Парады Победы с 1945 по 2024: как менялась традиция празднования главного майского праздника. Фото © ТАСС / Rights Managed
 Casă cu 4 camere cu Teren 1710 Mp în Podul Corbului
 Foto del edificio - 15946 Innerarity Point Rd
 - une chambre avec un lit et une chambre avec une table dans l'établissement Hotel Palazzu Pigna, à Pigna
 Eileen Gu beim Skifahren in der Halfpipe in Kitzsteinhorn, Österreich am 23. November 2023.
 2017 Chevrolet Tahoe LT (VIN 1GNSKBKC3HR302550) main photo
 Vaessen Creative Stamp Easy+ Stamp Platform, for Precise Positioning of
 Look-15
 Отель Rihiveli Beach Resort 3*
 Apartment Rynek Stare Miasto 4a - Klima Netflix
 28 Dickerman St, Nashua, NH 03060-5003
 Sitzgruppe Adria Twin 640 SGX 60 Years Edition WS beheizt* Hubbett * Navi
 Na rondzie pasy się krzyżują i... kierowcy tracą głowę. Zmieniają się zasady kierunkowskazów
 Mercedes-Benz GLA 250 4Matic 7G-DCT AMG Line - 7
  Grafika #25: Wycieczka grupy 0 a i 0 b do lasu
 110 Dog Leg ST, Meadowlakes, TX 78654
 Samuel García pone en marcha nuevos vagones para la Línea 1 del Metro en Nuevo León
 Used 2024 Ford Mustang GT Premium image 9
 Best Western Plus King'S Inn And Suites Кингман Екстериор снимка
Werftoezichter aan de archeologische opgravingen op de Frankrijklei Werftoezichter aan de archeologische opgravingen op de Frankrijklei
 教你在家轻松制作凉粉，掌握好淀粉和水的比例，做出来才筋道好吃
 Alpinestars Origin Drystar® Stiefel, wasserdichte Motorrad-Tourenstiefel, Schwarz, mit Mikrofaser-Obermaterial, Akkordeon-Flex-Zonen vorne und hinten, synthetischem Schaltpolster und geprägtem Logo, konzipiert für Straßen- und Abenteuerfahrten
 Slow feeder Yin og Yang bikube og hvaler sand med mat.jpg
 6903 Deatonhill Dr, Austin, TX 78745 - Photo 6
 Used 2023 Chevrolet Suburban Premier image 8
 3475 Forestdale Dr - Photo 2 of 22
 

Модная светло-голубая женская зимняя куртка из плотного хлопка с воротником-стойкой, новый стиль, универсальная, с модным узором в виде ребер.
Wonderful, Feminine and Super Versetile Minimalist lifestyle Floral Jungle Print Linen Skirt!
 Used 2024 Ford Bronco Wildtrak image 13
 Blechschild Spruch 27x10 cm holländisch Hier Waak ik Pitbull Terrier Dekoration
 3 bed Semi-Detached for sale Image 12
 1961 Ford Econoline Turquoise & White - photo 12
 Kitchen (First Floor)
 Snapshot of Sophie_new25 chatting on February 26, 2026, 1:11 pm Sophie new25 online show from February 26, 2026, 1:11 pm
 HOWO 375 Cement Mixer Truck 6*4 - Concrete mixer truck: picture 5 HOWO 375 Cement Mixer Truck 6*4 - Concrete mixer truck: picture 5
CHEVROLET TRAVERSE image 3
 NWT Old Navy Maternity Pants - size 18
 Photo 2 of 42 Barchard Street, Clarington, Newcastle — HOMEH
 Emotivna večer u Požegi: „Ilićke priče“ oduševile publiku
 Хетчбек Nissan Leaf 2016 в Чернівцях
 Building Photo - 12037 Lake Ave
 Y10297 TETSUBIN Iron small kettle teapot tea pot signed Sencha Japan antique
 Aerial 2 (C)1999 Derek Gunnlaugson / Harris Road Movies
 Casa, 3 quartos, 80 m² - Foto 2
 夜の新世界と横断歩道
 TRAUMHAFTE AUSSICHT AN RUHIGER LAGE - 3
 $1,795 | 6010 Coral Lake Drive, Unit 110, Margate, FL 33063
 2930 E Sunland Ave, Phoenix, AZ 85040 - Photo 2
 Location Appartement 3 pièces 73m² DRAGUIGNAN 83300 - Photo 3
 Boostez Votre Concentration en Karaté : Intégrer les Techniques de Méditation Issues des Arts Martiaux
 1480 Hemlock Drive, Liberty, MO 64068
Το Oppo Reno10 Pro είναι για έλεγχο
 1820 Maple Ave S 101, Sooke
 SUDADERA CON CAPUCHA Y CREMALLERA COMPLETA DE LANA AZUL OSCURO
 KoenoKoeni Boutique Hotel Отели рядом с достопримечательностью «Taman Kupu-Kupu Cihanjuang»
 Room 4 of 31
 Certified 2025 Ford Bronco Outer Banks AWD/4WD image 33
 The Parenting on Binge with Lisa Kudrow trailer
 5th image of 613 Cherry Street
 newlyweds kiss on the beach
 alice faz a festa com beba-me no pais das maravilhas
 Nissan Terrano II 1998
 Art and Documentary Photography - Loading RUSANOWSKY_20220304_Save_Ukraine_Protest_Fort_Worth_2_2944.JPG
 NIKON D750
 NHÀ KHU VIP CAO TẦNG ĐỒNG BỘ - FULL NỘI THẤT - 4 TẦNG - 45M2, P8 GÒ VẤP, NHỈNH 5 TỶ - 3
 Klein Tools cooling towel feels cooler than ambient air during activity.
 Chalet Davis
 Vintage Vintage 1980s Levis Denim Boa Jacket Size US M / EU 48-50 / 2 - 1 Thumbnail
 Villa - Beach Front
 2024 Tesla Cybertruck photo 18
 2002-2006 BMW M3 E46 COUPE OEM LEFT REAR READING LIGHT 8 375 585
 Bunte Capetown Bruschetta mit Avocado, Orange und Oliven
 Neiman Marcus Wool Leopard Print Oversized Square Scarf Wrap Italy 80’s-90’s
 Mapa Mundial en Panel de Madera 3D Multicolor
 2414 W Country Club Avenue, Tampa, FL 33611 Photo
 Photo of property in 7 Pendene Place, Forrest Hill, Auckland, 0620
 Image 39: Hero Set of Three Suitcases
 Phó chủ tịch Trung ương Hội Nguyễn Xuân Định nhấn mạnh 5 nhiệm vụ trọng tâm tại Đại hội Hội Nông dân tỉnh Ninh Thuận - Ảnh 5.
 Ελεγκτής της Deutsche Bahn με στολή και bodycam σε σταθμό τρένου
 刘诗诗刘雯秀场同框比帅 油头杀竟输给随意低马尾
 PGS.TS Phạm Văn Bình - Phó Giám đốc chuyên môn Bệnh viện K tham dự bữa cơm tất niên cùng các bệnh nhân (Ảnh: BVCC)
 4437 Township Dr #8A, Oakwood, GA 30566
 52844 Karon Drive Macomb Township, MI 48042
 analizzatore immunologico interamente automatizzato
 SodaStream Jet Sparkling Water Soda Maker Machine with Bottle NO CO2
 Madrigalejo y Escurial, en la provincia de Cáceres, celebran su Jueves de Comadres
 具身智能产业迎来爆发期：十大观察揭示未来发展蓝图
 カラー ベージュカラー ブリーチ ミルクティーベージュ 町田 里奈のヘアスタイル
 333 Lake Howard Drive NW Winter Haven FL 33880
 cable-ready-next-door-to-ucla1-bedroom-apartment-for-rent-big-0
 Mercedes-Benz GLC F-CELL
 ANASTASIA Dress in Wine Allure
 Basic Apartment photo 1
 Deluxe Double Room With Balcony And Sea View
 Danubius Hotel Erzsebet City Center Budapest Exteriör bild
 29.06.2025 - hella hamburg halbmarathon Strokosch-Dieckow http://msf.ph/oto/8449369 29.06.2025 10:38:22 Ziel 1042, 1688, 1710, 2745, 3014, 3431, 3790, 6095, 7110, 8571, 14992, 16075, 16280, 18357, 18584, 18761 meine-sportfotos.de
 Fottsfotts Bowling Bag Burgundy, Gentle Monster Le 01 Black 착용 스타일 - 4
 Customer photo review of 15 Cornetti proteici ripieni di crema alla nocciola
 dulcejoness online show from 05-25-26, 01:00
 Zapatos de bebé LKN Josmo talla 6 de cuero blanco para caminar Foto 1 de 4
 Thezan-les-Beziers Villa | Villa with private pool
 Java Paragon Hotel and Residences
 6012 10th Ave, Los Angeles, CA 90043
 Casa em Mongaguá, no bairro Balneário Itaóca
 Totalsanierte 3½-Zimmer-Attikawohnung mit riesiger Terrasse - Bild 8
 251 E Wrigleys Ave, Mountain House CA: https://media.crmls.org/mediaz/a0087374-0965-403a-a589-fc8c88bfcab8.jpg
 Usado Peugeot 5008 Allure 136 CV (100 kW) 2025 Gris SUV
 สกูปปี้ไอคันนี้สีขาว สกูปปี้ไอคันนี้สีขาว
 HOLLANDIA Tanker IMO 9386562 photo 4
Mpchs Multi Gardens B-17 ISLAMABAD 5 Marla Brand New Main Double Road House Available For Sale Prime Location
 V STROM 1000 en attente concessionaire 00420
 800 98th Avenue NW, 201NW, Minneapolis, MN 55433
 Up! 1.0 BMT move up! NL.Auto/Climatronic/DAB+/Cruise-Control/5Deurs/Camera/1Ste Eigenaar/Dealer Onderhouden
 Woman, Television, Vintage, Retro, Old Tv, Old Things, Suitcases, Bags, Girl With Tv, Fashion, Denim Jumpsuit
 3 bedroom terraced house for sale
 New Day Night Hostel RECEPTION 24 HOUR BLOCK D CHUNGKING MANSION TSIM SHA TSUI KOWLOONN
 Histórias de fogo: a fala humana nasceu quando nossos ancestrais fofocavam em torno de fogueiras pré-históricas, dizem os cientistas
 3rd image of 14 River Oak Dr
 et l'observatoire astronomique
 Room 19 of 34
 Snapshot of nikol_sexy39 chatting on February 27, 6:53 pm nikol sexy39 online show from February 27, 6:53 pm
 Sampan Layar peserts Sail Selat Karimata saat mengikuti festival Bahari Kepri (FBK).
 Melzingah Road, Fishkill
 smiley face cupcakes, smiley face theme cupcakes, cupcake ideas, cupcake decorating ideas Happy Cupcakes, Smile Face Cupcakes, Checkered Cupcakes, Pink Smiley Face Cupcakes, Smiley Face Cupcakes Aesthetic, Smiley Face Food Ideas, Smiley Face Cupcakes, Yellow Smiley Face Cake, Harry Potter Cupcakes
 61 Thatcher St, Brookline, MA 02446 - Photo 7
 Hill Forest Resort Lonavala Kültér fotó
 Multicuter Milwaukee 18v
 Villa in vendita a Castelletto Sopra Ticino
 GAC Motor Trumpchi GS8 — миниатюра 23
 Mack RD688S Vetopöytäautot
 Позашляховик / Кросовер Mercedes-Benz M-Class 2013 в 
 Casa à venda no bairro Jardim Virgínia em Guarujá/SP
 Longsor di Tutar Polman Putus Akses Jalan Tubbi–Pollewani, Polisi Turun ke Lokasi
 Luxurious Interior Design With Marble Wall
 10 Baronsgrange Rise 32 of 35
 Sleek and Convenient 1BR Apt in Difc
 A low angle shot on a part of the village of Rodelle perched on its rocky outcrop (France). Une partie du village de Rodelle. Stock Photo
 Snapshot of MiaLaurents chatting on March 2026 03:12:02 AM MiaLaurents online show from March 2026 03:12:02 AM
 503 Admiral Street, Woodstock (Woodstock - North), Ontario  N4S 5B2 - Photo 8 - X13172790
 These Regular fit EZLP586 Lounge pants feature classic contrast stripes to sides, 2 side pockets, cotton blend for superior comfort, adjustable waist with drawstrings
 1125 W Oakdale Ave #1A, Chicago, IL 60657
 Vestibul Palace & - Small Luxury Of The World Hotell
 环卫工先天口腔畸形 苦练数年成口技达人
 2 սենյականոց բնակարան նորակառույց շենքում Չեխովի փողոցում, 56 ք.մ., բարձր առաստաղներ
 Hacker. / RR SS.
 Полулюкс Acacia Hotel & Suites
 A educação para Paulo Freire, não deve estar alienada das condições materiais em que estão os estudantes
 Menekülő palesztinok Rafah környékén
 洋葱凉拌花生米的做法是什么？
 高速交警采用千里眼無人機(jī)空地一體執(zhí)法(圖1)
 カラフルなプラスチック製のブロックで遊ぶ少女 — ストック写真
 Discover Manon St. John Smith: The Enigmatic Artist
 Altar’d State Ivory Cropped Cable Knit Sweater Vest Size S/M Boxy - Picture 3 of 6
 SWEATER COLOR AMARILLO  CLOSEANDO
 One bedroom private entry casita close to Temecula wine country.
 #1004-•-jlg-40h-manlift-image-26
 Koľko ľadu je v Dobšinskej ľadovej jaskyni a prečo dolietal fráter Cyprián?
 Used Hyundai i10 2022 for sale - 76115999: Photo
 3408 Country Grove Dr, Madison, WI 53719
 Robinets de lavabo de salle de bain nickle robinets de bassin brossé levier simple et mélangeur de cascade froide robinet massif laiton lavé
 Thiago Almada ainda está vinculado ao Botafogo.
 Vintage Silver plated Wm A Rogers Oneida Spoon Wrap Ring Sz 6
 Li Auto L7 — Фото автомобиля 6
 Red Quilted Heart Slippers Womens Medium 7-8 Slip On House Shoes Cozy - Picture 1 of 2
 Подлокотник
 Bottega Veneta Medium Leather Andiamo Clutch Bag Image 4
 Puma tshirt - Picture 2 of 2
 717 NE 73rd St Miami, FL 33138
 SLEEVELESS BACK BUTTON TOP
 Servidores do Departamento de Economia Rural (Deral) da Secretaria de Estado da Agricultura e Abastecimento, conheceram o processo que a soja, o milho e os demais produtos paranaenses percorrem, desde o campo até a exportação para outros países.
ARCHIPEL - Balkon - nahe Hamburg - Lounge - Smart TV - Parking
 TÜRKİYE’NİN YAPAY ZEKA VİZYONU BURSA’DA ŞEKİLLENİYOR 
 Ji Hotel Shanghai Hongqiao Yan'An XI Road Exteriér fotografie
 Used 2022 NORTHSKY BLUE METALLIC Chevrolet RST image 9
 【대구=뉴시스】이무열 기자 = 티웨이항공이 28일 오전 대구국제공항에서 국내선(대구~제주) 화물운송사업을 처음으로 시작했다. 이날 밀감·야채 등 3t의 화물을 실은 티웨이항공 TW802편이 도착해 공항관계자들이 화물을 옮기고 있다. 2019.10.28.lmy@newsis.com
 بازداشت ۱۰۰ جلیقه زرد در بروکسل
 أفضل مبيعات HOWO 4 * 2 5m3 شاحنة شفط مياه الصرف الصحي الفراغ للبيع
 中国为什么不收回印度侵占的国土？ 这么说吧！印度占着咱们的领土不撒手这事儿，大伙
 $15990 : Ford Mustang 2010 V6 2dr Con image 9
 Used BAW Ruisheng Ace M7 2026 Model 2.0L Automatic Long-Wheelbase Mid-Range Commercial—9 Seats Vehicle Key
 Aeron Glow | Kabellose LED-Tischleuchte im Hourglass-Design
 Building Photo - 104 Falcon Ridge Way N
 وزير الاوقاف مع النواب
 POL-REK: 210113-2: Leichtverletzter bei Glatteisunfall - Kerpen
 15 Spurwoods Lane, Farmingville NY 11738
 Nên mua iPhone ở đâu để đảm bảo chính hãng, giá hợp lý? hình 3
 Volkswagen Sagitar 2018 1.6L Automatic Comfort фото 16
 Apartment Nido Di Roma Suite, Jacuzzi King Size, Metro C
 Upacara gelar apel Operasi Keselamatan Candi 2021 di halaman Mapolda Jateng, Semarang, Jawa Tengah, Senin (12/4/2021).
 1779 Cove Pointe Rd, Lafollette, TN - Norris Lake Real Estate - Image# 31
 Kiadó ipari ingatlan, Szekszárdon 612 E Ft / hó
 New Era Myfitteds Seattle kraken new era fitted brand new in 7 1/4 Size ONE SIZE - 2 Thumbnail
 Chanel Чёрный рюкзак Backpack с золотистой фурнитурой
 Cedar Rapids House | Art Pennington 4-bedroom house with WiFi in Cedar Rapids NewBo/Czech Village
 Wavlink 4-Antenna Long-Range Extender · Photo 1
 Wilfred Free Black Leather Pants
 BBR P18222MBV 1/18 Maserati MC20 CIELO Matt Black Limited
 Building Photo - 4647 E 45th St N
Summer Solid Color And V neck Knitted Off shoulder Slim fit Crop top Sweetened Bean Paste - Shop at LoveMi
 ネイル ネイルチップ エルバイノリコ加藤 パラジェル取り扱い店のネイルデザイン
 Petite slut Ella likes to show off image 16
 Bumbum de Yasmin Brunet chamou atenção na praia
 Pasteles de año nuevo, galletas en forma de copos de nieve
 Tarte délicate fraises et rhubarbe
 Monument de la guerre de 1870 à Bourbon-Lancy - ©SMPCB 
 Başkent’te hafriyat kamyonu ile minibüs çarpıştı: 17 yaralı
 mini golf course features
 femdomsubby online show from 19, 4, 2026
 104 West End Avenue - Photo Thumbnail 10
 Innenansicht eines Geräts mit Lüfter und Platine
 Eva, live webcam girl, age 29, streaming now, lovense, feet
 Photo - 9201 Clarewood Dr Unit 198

# # # # # # #

Work instructions: Of the lines above, retype only those from the line containing "Basic Apartment photo 1" through the line containing "New Day Night", including both, exactly.

Result for this task:
 Basic Apartment photo 1
 Deluxe Double Room With Balcony And Sea View
 Danubius Hotel Erzsebet City Center Budapest Exteriör bild
 29.06.2025 - hella hamburg halbmarathon Strokosch-Dieckow http://msf.ph/oto/8449369 29.06.2025 10:38:22 Ziel 1042, 1688, 1710, 2745, 3014, 3431, 3790, 6095, 7110, 8571, 14992, 16075, 16280, 18357, 18584, 18761 meine-sportfotos.de
 Fottsfotts Bowling Bag Burgundy, Gentle Monster Le 01 Black 착용 스타일 - 4
 Customer photo review of 15 Cornetti proteici ripieni di crema alla nocciola
 dulcejoness online show from 05-25-26, 01:00
 Zapatos de bebé LKN Josmo talla 6 de cuero blanco para caminar Foto 1 de 4
 Thezan-les-Beziers Villa | Villa with private pool
 Java Paragon Hotel and Residences
 6012 10th Ave, Los Angeles, CA 90043
 Casa em Mongaguá, no bairro Balneário Itaóca
 Totalsanierte 3½-Zimmer-Attikawohnung mit riesiger Terrasse - Bild 8
 251 E Wrigleys Ave, Mountain House CA: https://media.crmls.org/mediaz/a0087374-0965-403a-a589-fc8c88bfcab8.jpg
 Usado Peugeot 5008 Allure 136 CV (100 kW) 2025 Gris SUV
 สกูปปี้ไอคันนี้สีขาว สกูปปี้ไอคันนี้สีขาว
 HOLLANDIA Tanker IMO 9386562 photo 4
Mpchs Multi Gardens B-17 ISLAMABAD 5 Marla Brand New Main Double Road House Available For Sale Prime Location
 V STROM 1000 en attente concessionaire 00420
 800 98th Avenue NW, 201NW, Minneapolis, MN 55433
 Up! 1.0 BMT move up! NL.Auto/Climatronic/DAB+/Cruise-Control/5Deurs/Camera/1Ste Eigenaar/Dealer Onderhouden
 Woman, Television, Vintage, Retro, Old Tv, Old Things, Suitcases, Bags, Girl With Tv, Fashion, Denim Jumpsuit
 3 bedroom terraced house for sale
 New Day Night Hostel RECEPTION 24 HOUR BLOCK D CHUNGKING MANSION TSIM SHA TSUI KOWLOONN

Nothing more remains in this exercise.